[SUPPLIED MATERIAL]
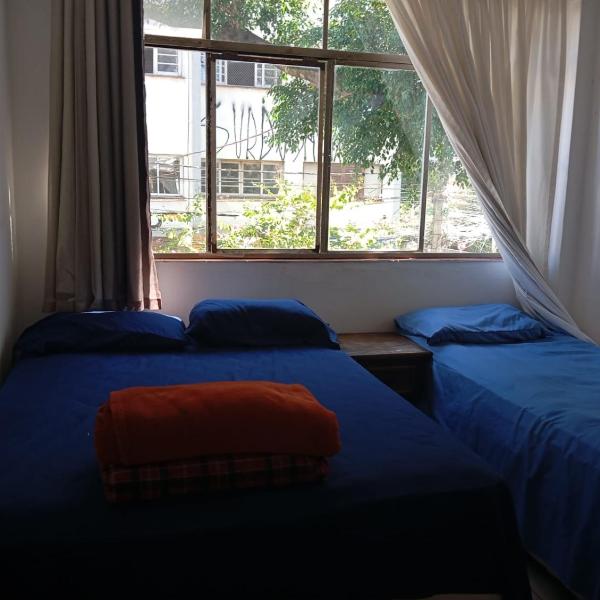 Apartamento metrô Pinheiros - Foto 2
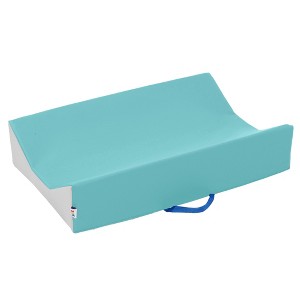 ECR4Kids SoftZone Baby Changing Pad - 1 of 4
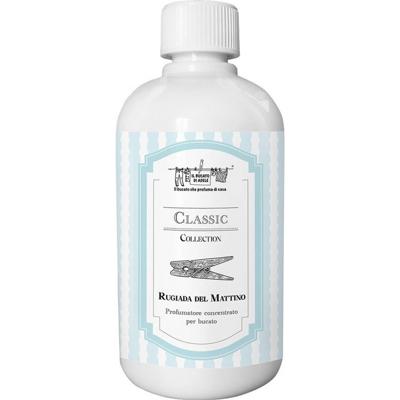 Il Bucato di Adele wasparfum ochtenddauw 500 ml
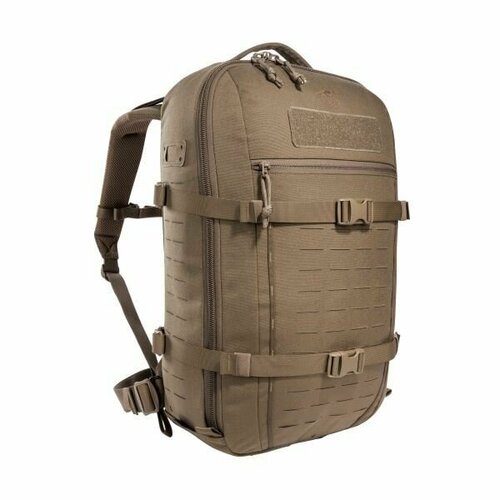 Tasmanian Tiger Rucksack Modular Tac Pack 28 coyote braun tasmanian tiger backpack modular sling pack 20 olive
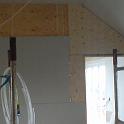 13 Working Inside Upstairs (40)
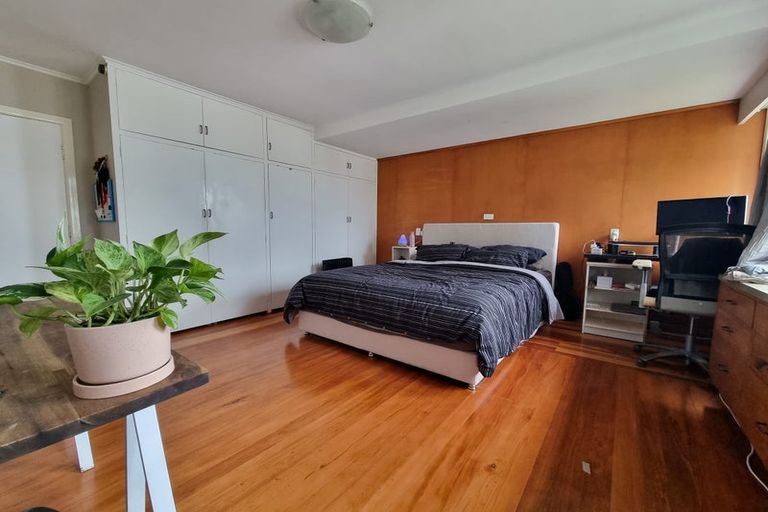 Photo of property in 9 Purchas Road, Hauraki, Auckland, 0622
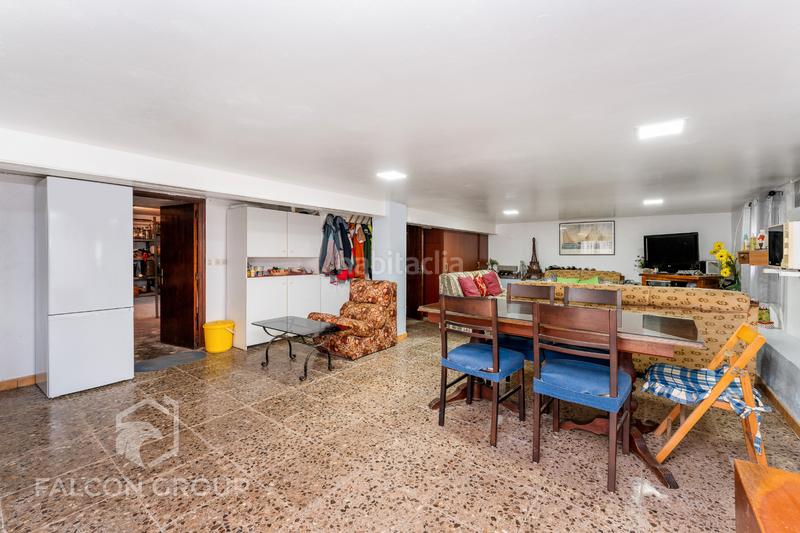 Foto ba9feb9a-5e89-414a-bbe0-aaf2860213d0. Casa ¡descubre tu nuevo hogar en el vendrell! en La Franquesa-Oasis Park Vendrell (El)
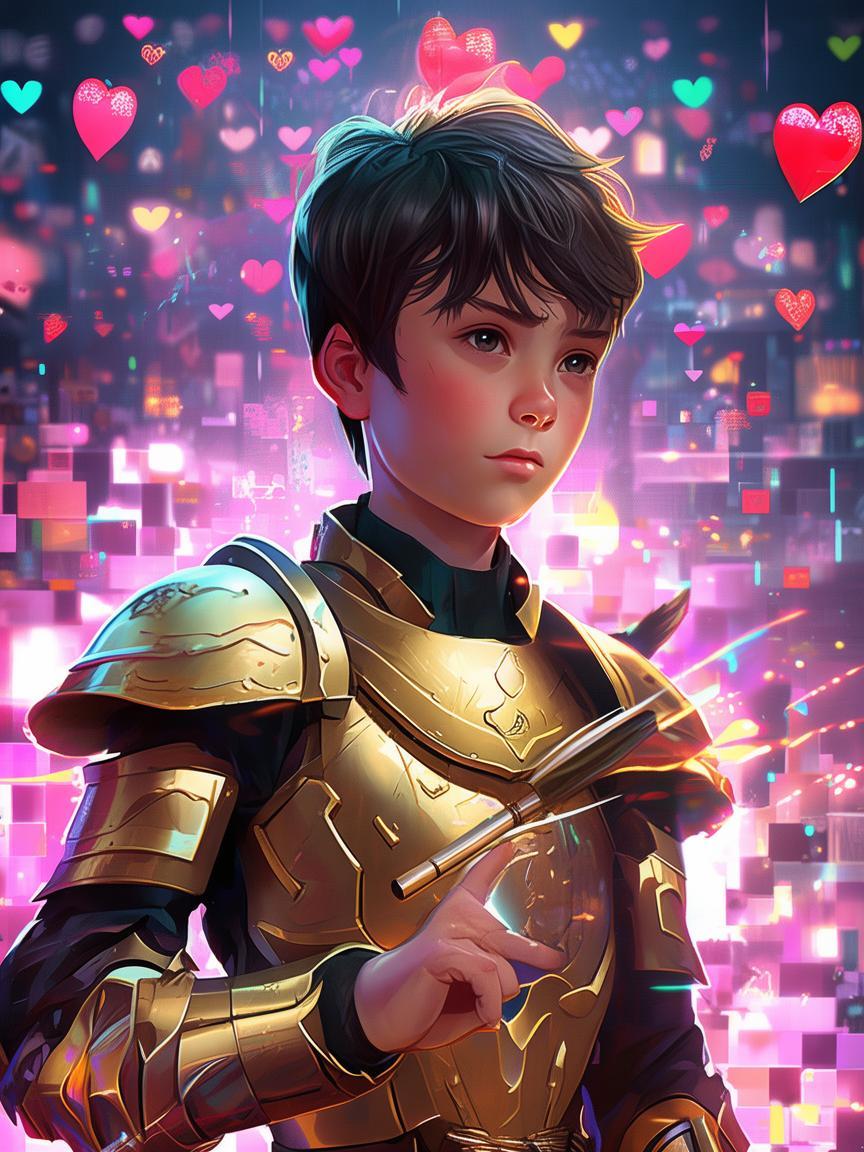 男孩子抖音怎么涨粉_抖音男粉增涨插图 男孩子抖音怎么涨粉_抖音男粉增涨插图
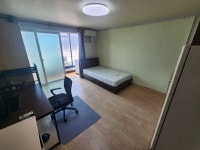 광주광역시 북구 용봉동 [월세] 100/20 원룸(방:1/욕실:1) | 피터팬의 좋은방 구하기 광주광역시 북구 용봉동 [월세] 100/20 원룸(방:1/욕실:1)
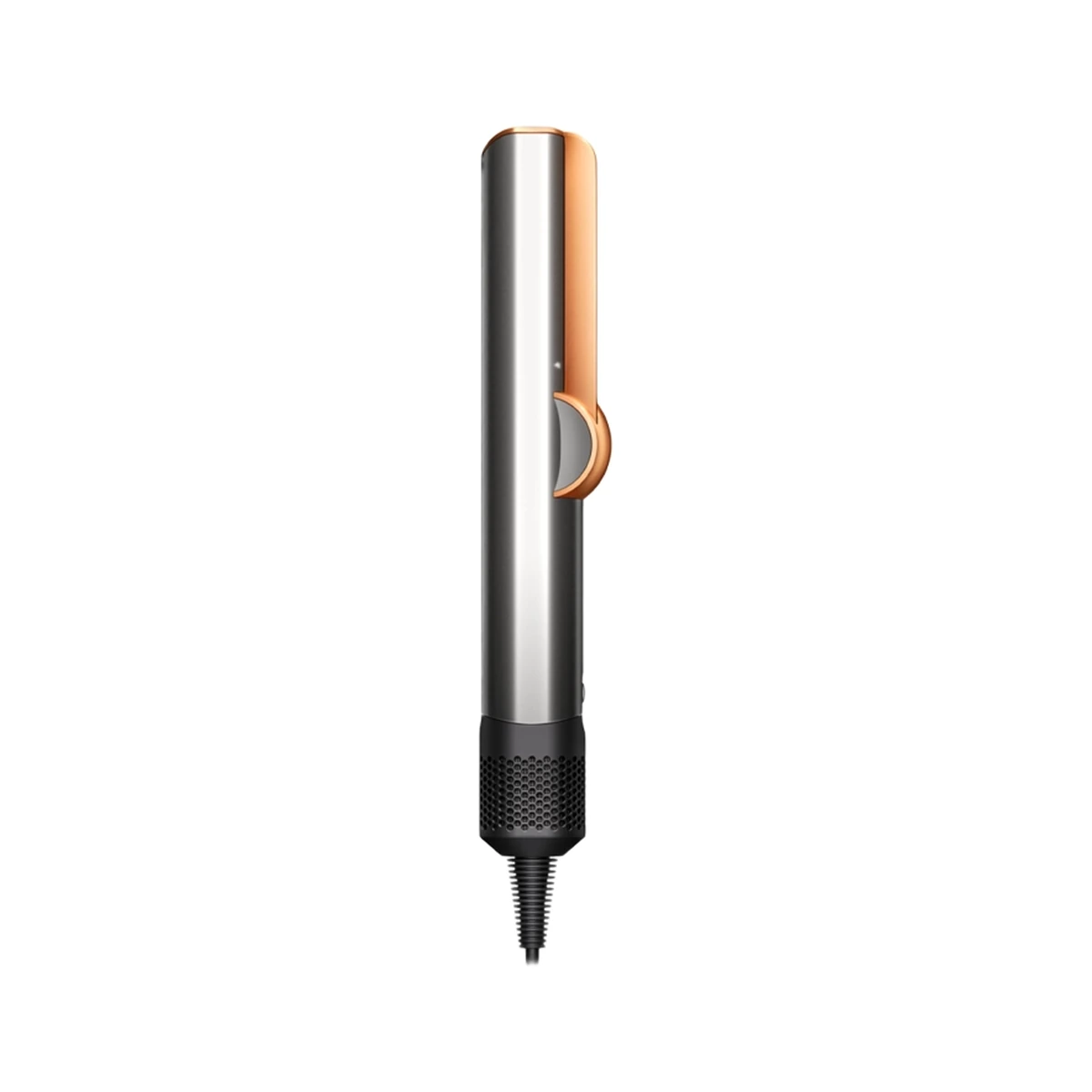 Airstrait HT01 Nickel/Copper, фото 1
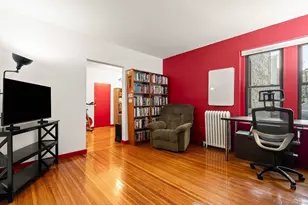 1408 Commonwealth Ave, Boston, MA 02134 - Photo 6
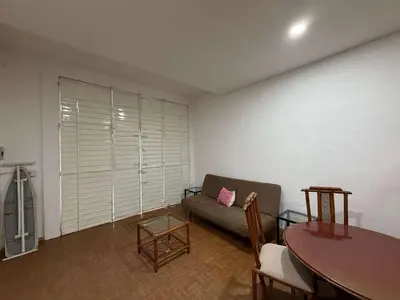 Plano de Double Coita Studio Ocozocoautla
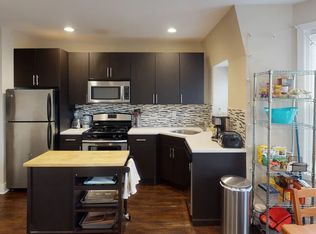 327 S 46th St #4426-3R, Philadelphia, PA 19143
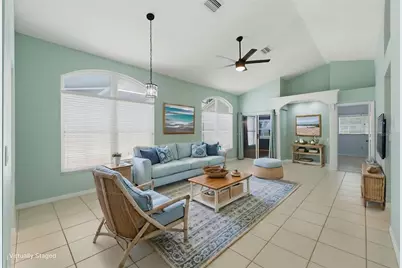 10428 Casa Grande Circle, Spring Hill, FL 34608 - Photo 7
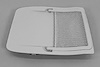 PANEL FRONT SEAT BACK - image 1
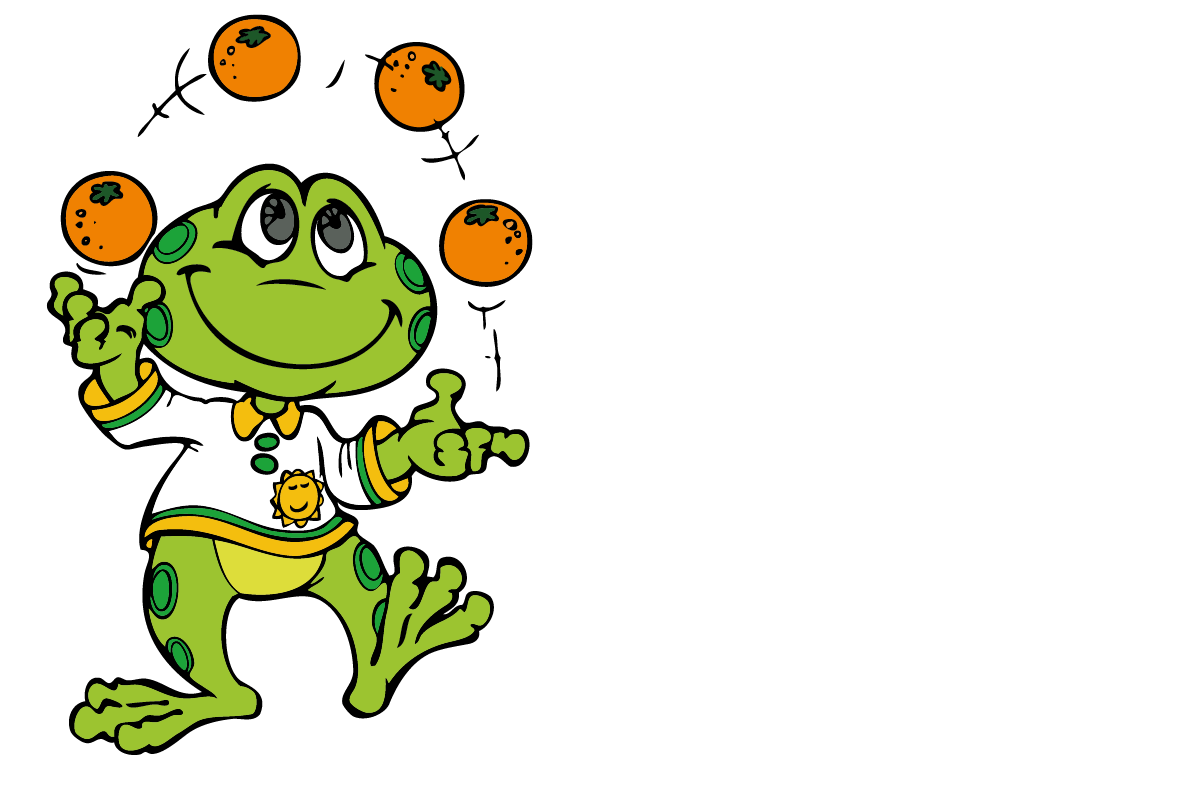 Free kid's meal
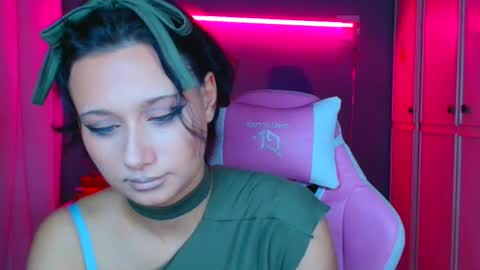 Snapshot of sexyvilleboy1 chatting on 10-23-25, 06:39 sexyvilleboy1 online show from 10-23-25, 06:39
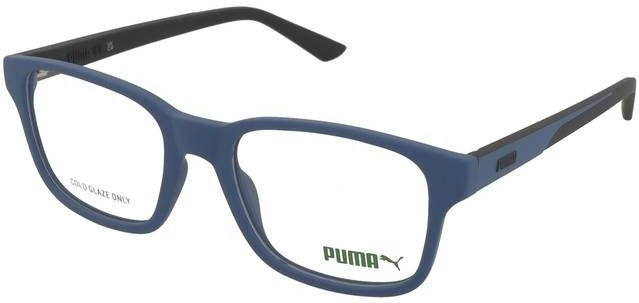 Brillen met correctie Puma PU0434O 003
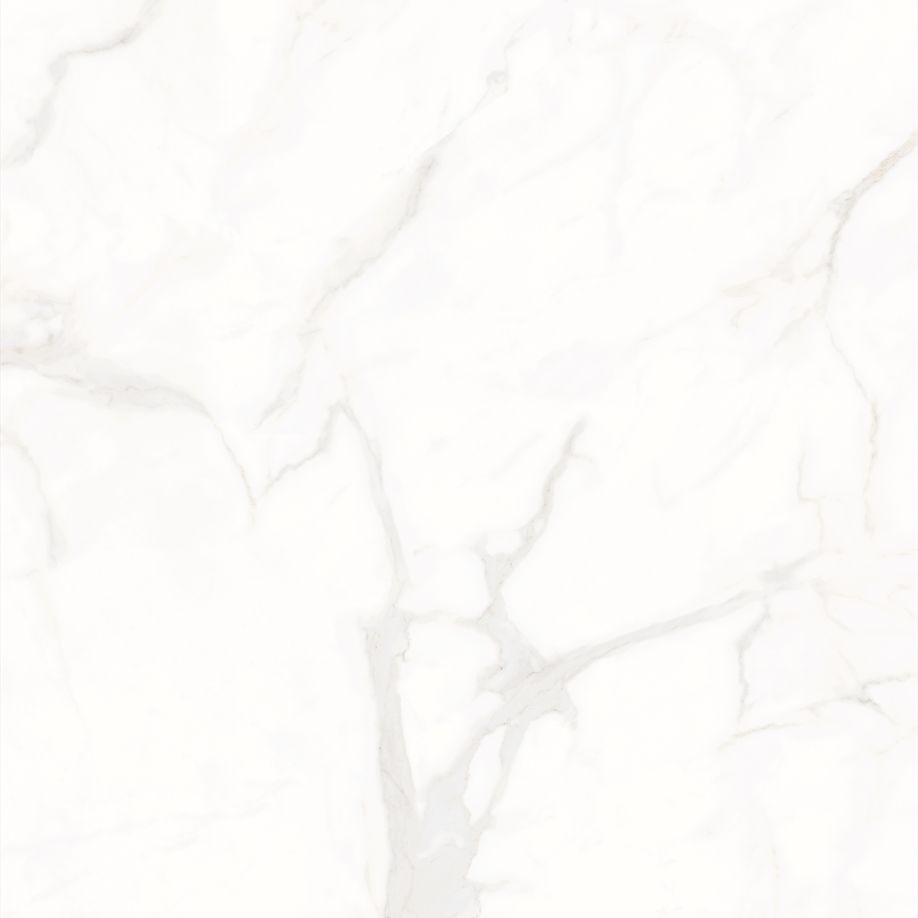 DECO Vita CALACATTA SUAVE FULL LAPPATO 60X120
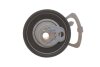 Комплект ГРМ + помпа Skoda Fabia/Octavia 00-13/VW Caddy/Golf/Polo 1.4 16V 99-08 (20x130z/17x58z) (PA674) GRAF KP674-1 (фото 5)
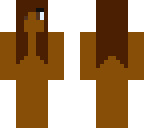 skin so far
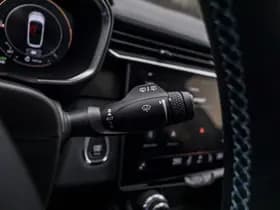 Lynk & Co 01 1.5 thumbnail 33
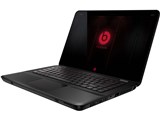 ENVY14-2104TX Beats Edition A3E03PA-AAAA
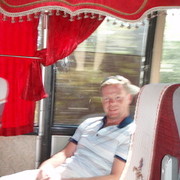 ���������� ���������, ������� �������, 44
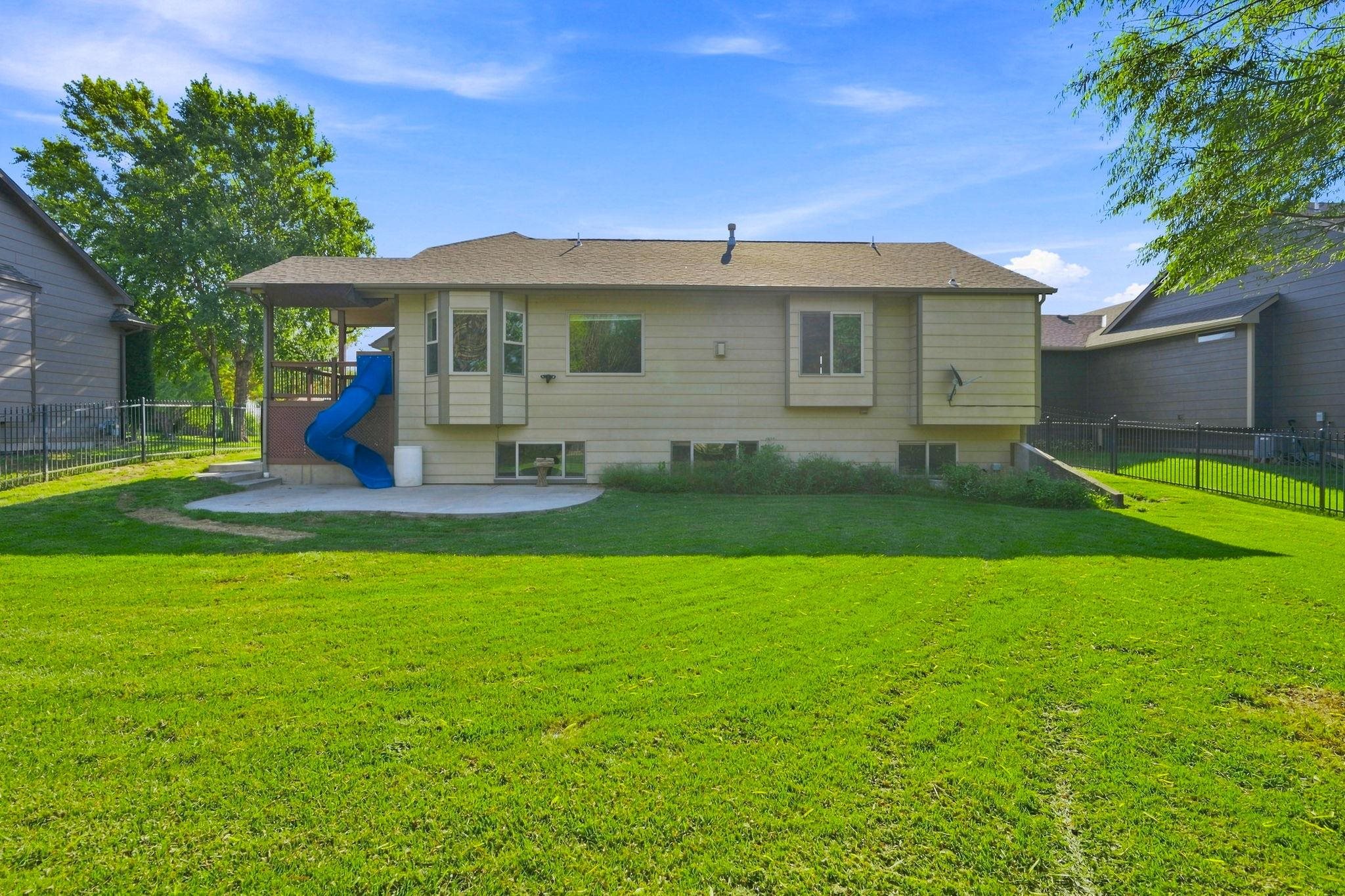 4119 N Parkdale Cir Property Photo 31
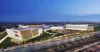 BREAKING NEWS: MGM Empire City Casino Project Secures Needed CAC Approval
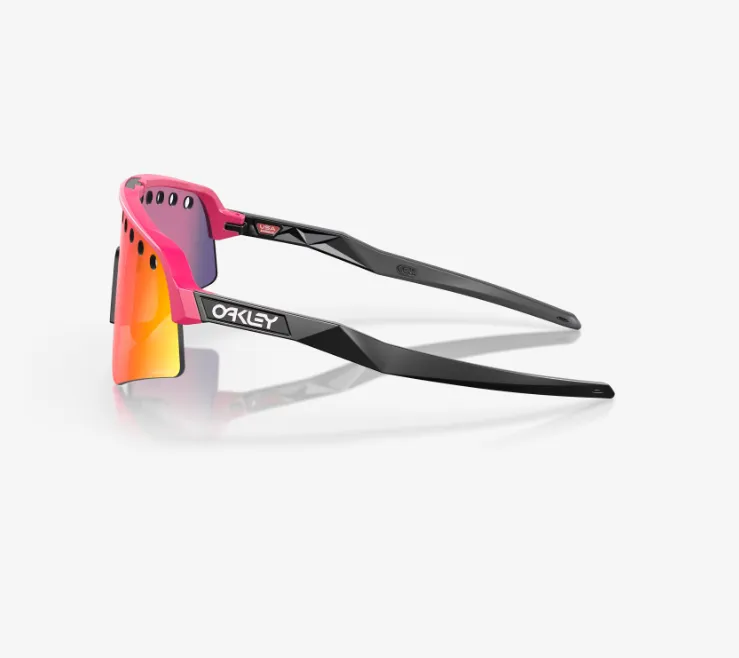 Sutro Lite Sweep - Pink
[/SUPPLIED MATERIAL]
Could you transcribe exactly the entries above, but only the lines from the one with "Комплект ГРМ +" through the one with "4119 N Parkdale Cir Property Photo 31", and without pictures?

* _TASK RESPONSE_
 Комплект ГРМ + помпа Skoda Fabia/Octavia 00-13/VW Caddy/Golf/Polo 1.4 16V 99-08 (20x130z/17x58z) (PA674) GRAF KP674-1 (фото 5)
 skin so far
 Lynk & Co 01 1.5 thumbnail 33
 ENVY14-2104TX Beats Edition A3E03PA-AAAA
 ���������� ���������, ������� �������, 44
 4119 N Parkdale Cir Property Photo 31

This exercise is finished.